EPILOGO

Nueve meses y un día después, Ellie era la mujer más feliz del mundo. Y no es que no lo fuera el día anterior, o el anterior, pero ese día era especial.

Estaba por fin segura de que Charles y ella iban a tener un hijo.

Su matrimonio, que había empezado casi como un accidente, se había convertido en algo verdaderamente mágico. Sus días estaban llenos de risas, las noches estaban llenas de pasión, y sus sueños, llenos de esperanzas y deseos.

Sin mencionar su invernadero, que estaba lleno de naranjas, gracias a los diligentes esfuerzos que Claire y ella habían dedicado.

Ellie se miró el abdomen maravillada. Era muy extraño que una nueva vida estuviera creciendo ahí dentro, que una persona que podría caminar, andar y tendría su nombre y sus ideas propios estuviera en su interior.

Sonrió. Ya imaginaba que sería una niña. No sabía por qué, pero estaba segura de que sería una niña. Quería llamarla Mary, como su madre. No creía que a Charles le importara.

Ellie cruzó el pasillo, buscando a su marido. Maldición, ¿dónde estaba cuando lo necesitaba? Llevaba meses esperando ese momento, darle la maravillosa noticia, y ahora no lo encontraba por ningún sitio. Al final, abandonó cualquier tipo de decoro y lo llamó a gritos.

– ¿Charles? ¿Charles?

Él apareció por el otro lado del pasillo, jugando con una naranja entre las manos.

– Buenas tardes, Ellie. ¿Por qué estás tan nerviosa?

Ella sonrió.

– Charles, por fin lo hemos conseguido.

Él parpadeó.

– ¿El qué?

– Un hijo, Charles. Vamos a tener un hijo.

– Bueno, ya era hora. Llevo dedicándome a eso en cuerpo y alma los últimos nueve meses.

Ella se quedó boquiabierta.

– ¿Ésa es tu reacción?

– Bueno, si lo piensas, si hubiéramos empezado desde el principio, ahora lo estarías teniendo, en lugar de anunciándolo.

– ¡Charles! -le pegó en el hombro.

Él chasqueó la lengua y la abrazó.

– Ven aquí.

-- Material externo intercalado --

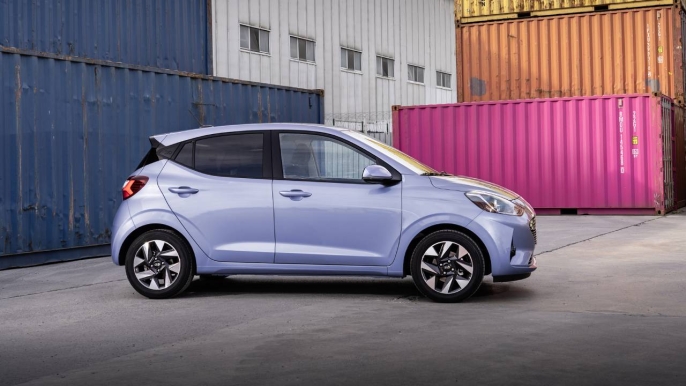 Hyundai i10 Türkiye'ye veda etti: Elektrikli döneme geçiş sinyali! - 1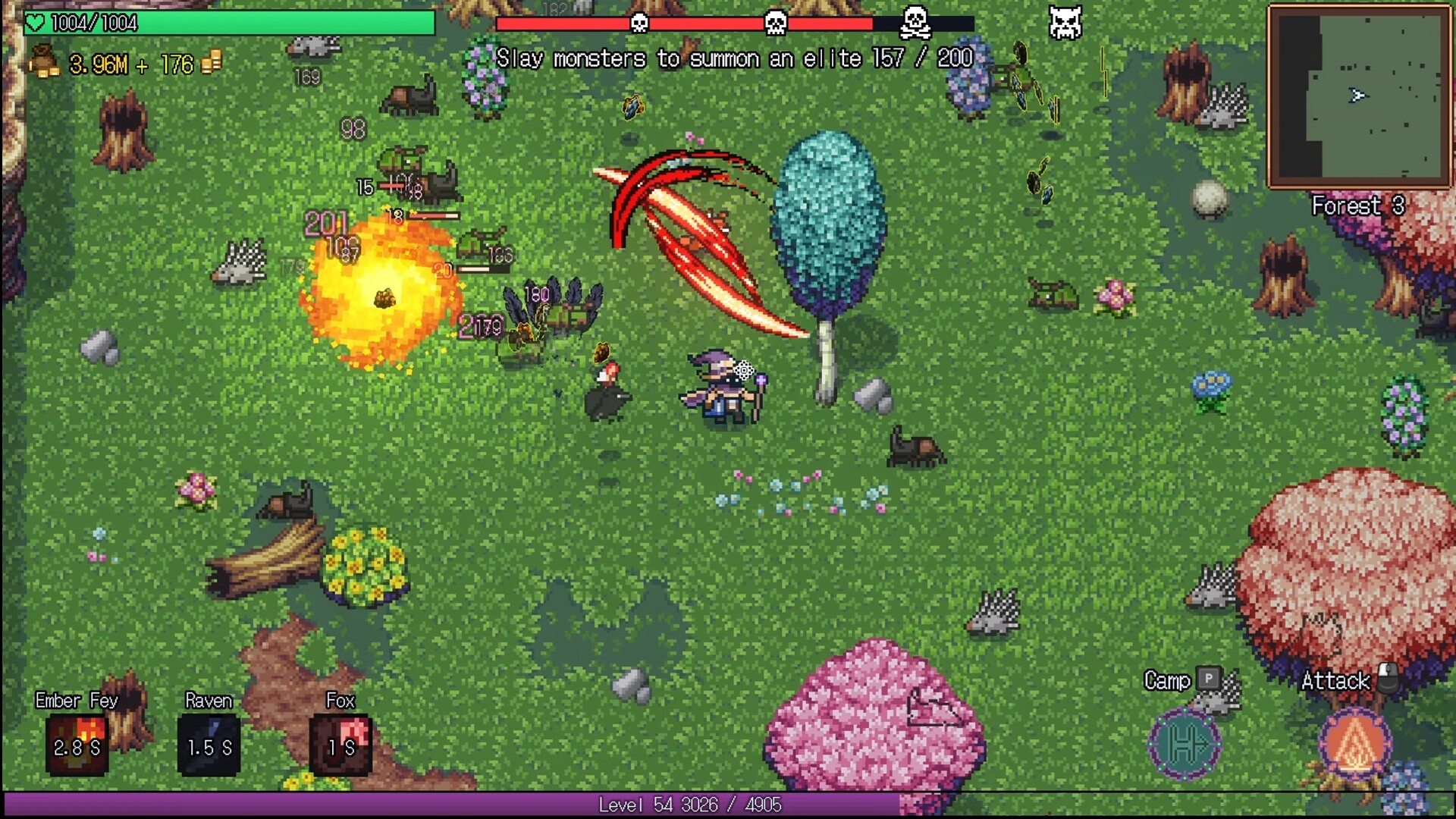 ArcaneBound screenshot 8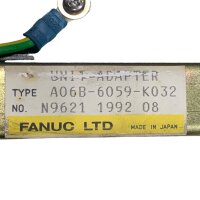 FANUC A06B-6059-K032 Servo Unit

Si sabes que lo digo en broma.

– Entonces, ¿eres feliz? Le dio un tierno beso.

– Más de lo que podría expresar.

Ellie lo miró y sonrió.

– Nunca imaginé que podría querer a alguien tanto como a ti, pero me equivocaba -se colocó las manos encima del estómago plano-. Ya quiero a nuestra hija, muchísimo, y ni siquiera ha nacido.

– ¿Hija?

– Es una niña. Estoy segura.

– Si tú estás segura, entonces estoy seguro de que tienes razón.

– ¿De veras?

– Hace tiempo que aprendí a no llevarte la contraria.

– No sabía que te tenía tan bien domesticado.

Charles sonrió.

– Soy un buen marido, ¿no?

– El mejor. Y también serás un padre excelente.

Se emocionó cuando le tocó la tripa.

– Yo también la quiero -susurró.

– ¿Sí?

Él asintió.

– ¿Quieres que le enseñemos a nuestra hija su primer atardecer? Acabo de mirar por la ventana. El cielo está casi tan brillante como tu sonrisa.

– Creo que le gustará. Y a mí también.

De la mano, salieron y contemplaron el cielo.